→ **Instructions to follow**: From the listing below, reproduce exactly the lines starting with the one with "Miu Miu - Besticktes" and going on through the one with "Polea de bloqueo", both ends kept. No picture is copied.

→ **Data for this exercise**:

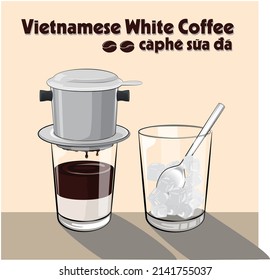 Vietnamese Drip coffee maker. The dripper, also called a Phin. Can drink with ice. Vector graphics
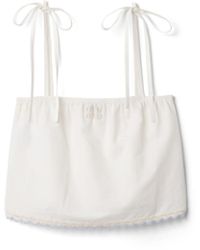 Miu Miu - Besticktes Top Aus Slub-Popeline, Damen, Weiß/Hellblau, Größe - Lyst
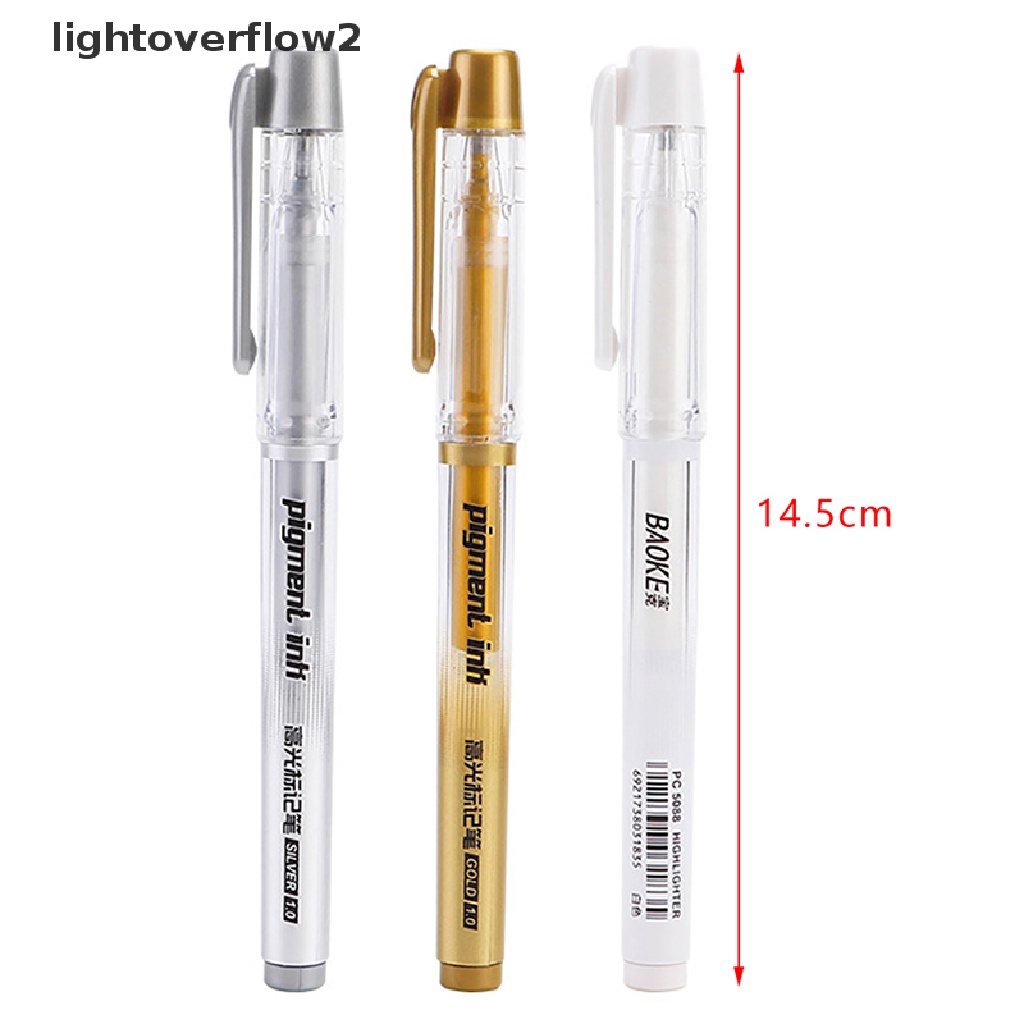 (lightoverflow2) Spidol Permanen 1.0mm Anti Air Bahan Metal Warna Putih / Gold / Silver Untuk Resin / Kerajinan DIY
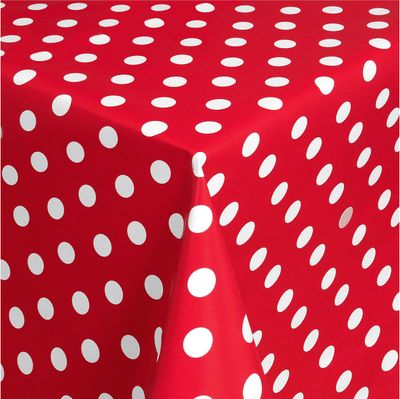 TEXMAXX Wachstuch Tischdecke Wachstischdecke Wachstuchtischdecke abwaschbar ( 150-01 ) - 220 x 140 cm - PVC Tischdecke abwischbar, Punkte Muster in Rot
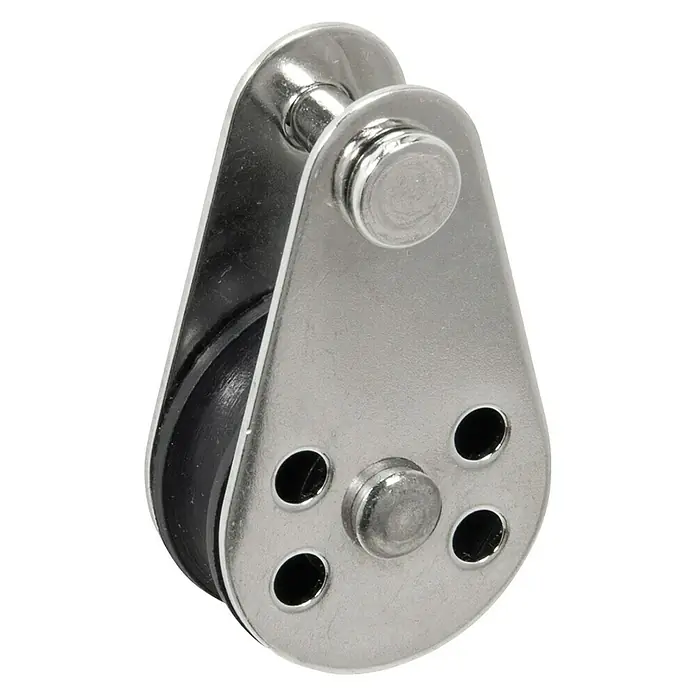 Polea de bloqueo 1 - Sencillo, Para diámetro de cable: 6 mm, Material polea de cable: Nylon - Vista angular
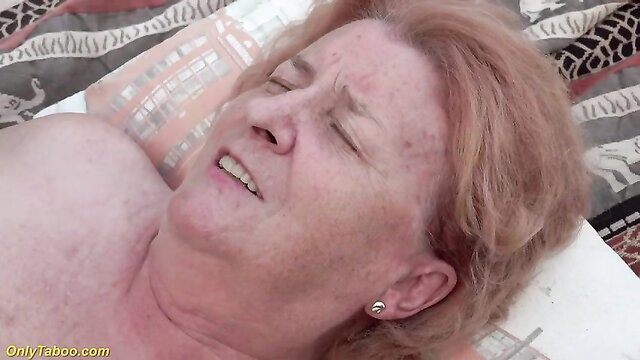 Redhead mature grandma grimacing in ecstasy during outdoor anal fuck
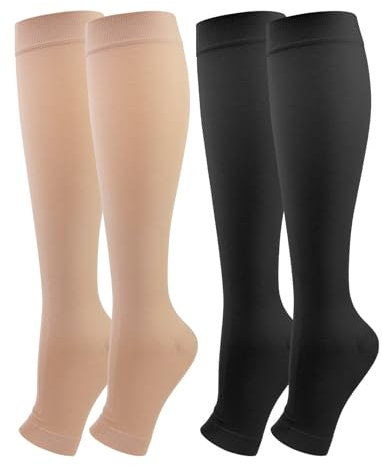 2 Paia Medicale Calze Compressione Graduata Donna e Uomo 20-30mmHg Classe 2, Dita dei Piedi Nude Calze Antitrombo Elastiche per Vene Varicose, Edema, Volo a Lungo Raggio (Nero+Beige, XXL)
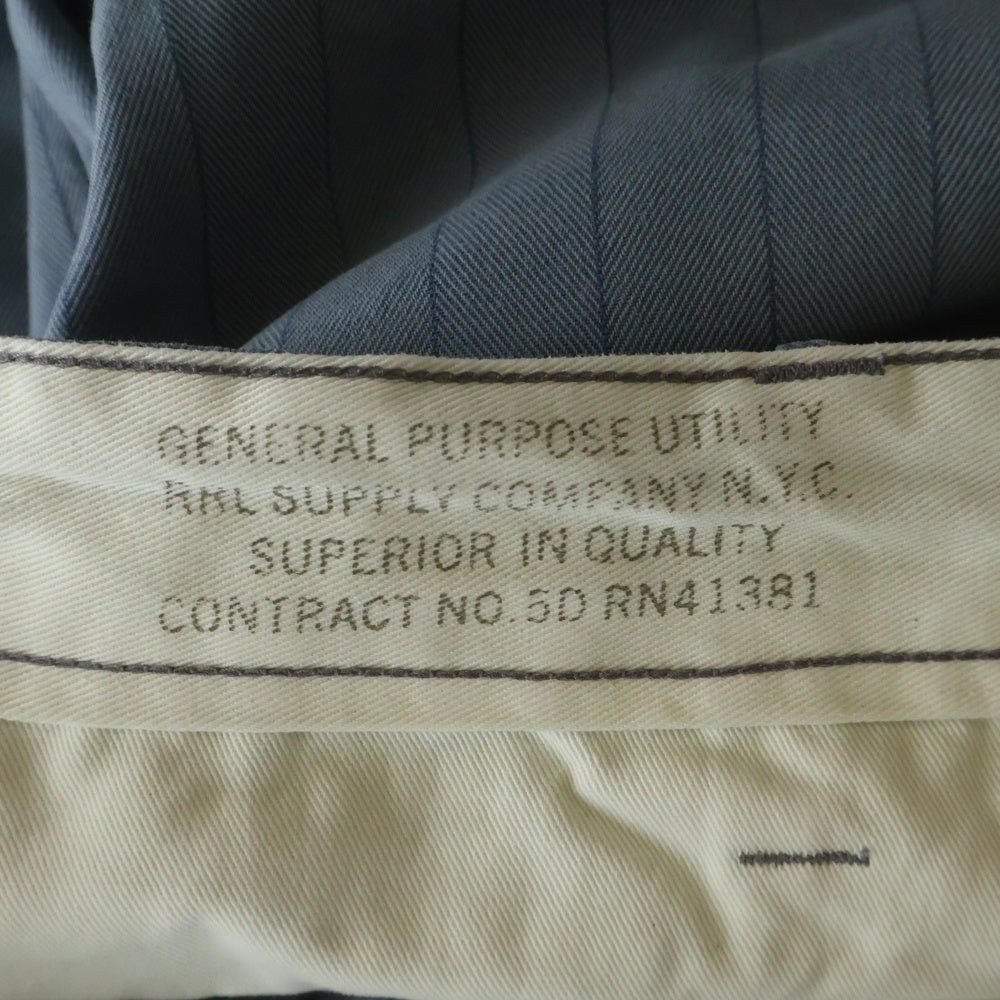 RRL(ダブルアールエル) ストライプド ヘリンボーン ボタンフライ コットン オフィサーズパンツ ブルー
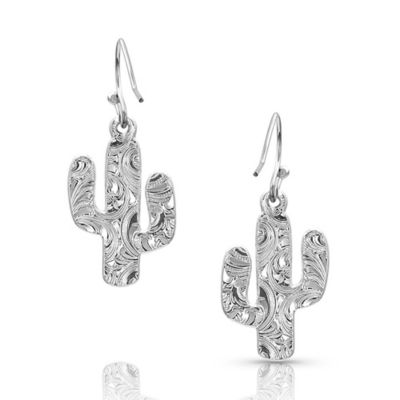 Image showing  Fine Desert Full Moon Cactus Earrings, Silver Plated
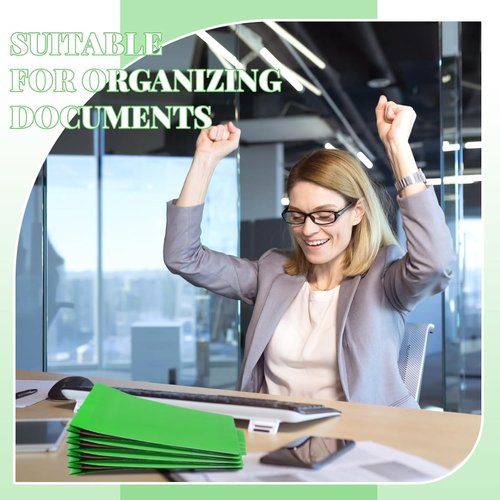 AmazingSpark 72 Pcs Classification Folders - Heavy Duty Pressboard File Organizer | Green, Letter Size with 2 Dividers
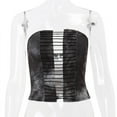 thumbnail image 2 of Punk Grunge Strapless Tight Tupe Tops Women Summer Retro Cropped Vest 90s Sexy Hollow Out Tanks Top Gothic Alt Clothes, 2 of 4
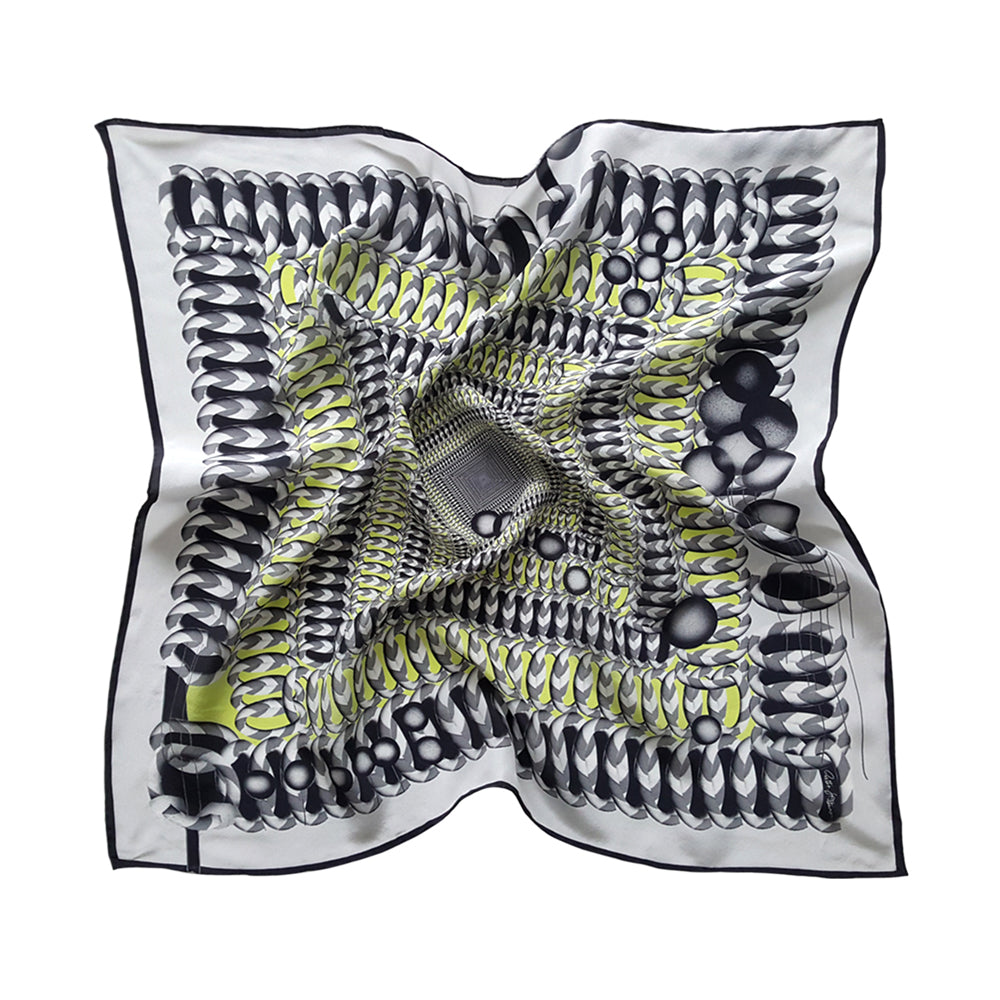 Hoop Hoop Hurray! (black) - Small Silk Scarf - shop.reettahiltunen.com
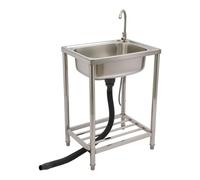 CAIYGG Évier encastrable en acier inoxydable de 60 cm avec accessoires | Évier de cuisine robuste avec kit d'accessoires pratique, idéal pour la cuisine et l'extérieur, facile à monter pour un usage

→ **Answer box**:
 Miu Miu - Besticktes Top Aus Slub-Popeline, Damen, Weiß/Hellblau, Größe - Lyst
 (lightoverflow2) Spidol Permanen 1.0mm Anti Air Bahan Metal Warna Putih / Gold / Silver Untuk Resin / Kerajinan DIY
 TEXMAXX Wachstuch Tischdecke Wachstischdecke Wachstuchtischdecke abwaschbar ( 150-01 ) - 220 x 140 cm - PVC Tischdecke abwischbar, Punkte Muster in Rot
 Polea de bloqueo 1 - Sencillo, Para diámetro de cable: 6 mm, Material polea de cable: Nylon - Vista angular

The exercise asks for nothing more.